Given BNP is probably the closest thing in Europe to a bellwether bank, investors’ fretting appears fully justified. A 1.5 percent yearly drop in revenue was compounded by higher-than-targeted expenses and a miserable performance at the investment bank. In the latter, BNP’s traders delivered a 225 million pre-tax loss in the volatile fourth quarter, dragged down by a whopping 70 percent year-on-year fall in equities revenue, underperforming even those perennial also-rans at Deutsche Bank.
As a result, BNP lowered its return on tangible equity target for 2020 by 1 percentage point to 10.5 percent based on a reduced projected annual revenue increase of 1.5 percent.

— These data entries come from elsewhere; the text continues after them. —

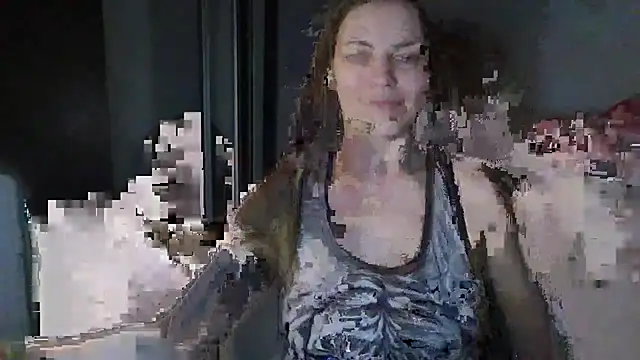 AnnaDiamond1 online show from May 17, 2026, 9:33 pm
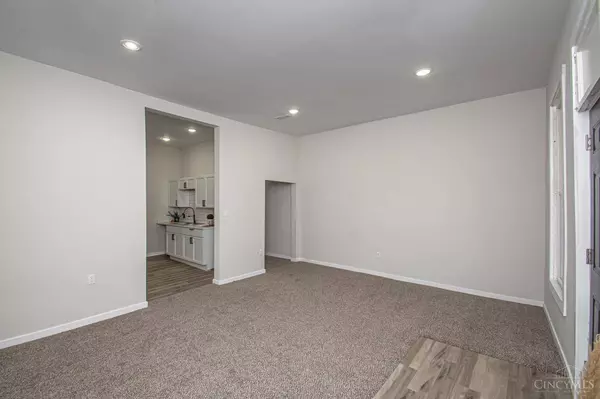 217 Deem St, Eaton, OH 45320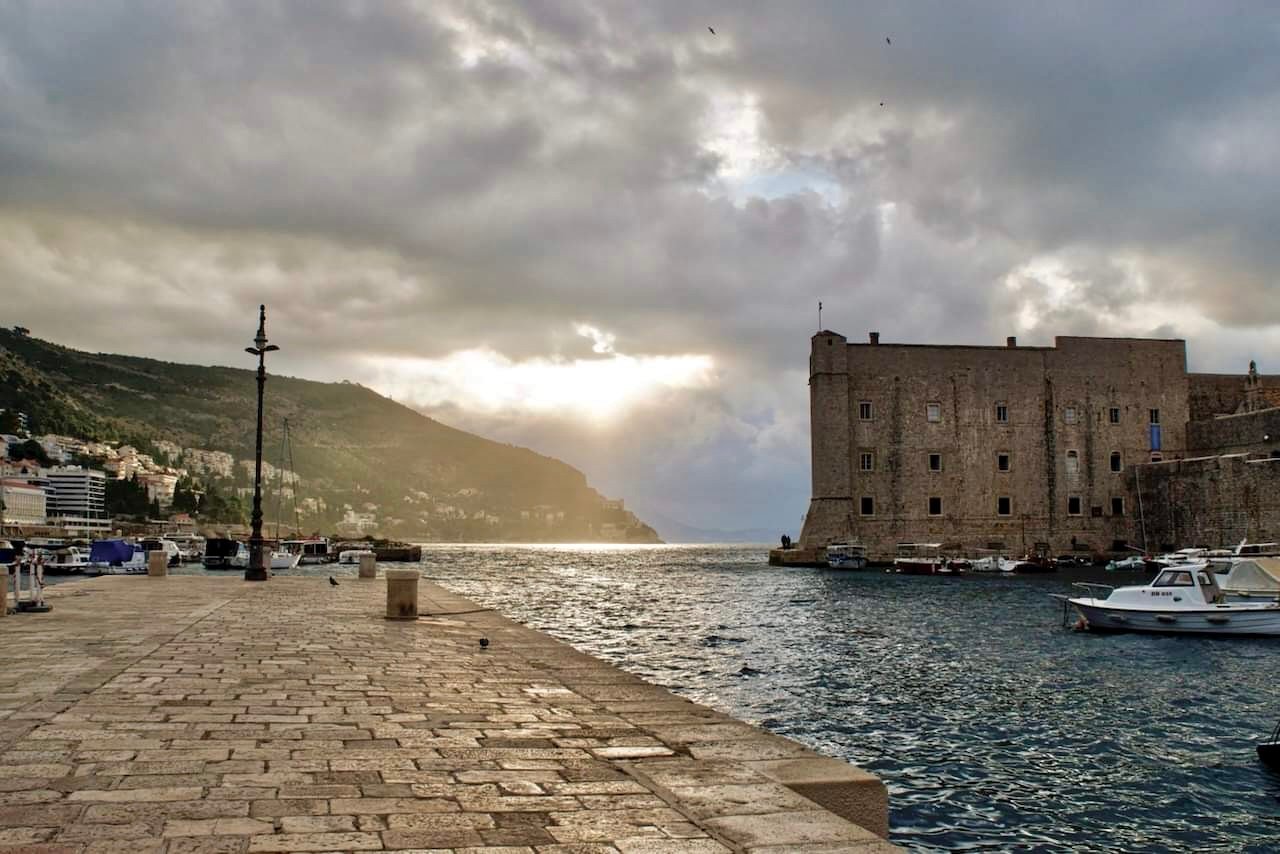 Dubrovnik City Walls: Early Morning & Sunset Guided Walk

That is merely acknowledging reality. To hit the original target would have required BNP to double its original revenue growth target to 5 percent per annum and keep expense inflation down to 1 percent, according to a Breakingviews calculation, something it has failed to achieve given expenses ate up 72 percent of income, a jump of nearly three percentage points.
Potentially more worrying is that BNP’s original 2020 plan was viewed as relatively unadventurous, especially in its projection that interest rates would hardly budge higher over the period. The fact that loan volumes rose by 4 percent over the year, but revenue fell, suggests that low rates have squeezed lending margins even more than BNP’s conservative assumptions.
The market appears to be baking in worse to come: BNP shares trade at a nearly 40 percent discount to tangible book. That looks harsh given the lender run by Chief Executive Jean-Laurent Bonnafé still managed to deliver a decent-enough 9.6 percent return on tangible equity, in line with its probable cost of capital and better than most EU peers.
In that light, BNP can justifiably complain of harsh treatment. A dimmed revenue outlook means European rivals may not have that excuse.